Nvidia GTC live: Jen-Hsun lays out ‘the future of real-time rendering’ in today’s keynote and potentially ‘it’s gonna blow your mind’
Refresh
2026-03-16T17:34:09.482Z
Given how painfully expensive memory is for everything these days, however, I kinda think Nick ought to get on and patent RTX Ultra Memory.
“I’ve got it! Huang will hop onto the stage with a new GeForce RTX graphics card. It’ll have 10,000 CUDA cores and 4 GB of VRAM, but it will be the first to use RTX Ultra Memory, an AI-powered system that neurally compresses everything automatically and does it so quickly and so well that it effectively quadruples the VRAM and its bandwidth on your graphics card. Yours for just $1,299.”
2026-03-16T17:32:58.578Z
Our Nick had some good ideas about this earlier:
“How about DLSS Ray Full Construction, an AI system that doesn’t just denoise a ray-traced scene but actually uses machine learning to generate thousands of additional ‘fake’ rays?”

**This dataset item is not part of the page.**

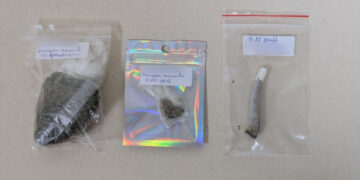 BONGO εν δράσει στην Πτολεμαΐδα: Ο αστυνομικός σκύλος οδήγησε στον εντοπισμό κάνναβης και τη σύλληψη 60χρονου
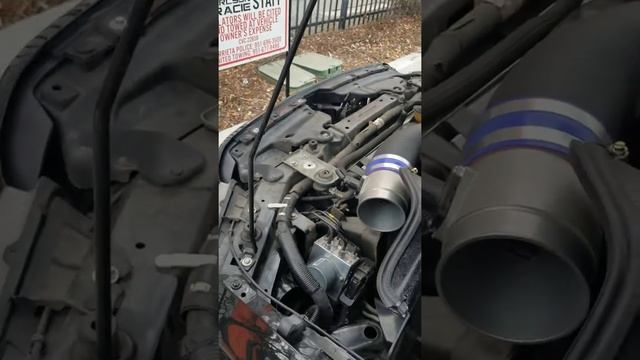 2014 mustang HID bulb replacement. EASY! смотреть онлайн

It would certainly make ray/path tracing a little lighter on GPUs if they only have to actually trace a couple real rays in the scene, rather than a couple per pixel.
2026-03-16T16:22:47.028Z
(Image credit: Nvidia/CD Projekt Red)
So, what could it be about? An update and some demo-ing of neural rendering in action in an actual game would be my first guess.
Introduced at CES 2025, alongside the RTX Blackwell series of GPUs, neural rendering—and neural shaders—promise big things. From enhanced AI compression techniques to deliver “next-generation asset generation” as a potental VRAM crutch (useful at a time when memory be expensive) to RTX MEGA GEOMETRY which is going to give Witcher 4 lots of pretty trees, sticking AI into the graphics pipeline has the potential to hugely up the fidelity of PC games.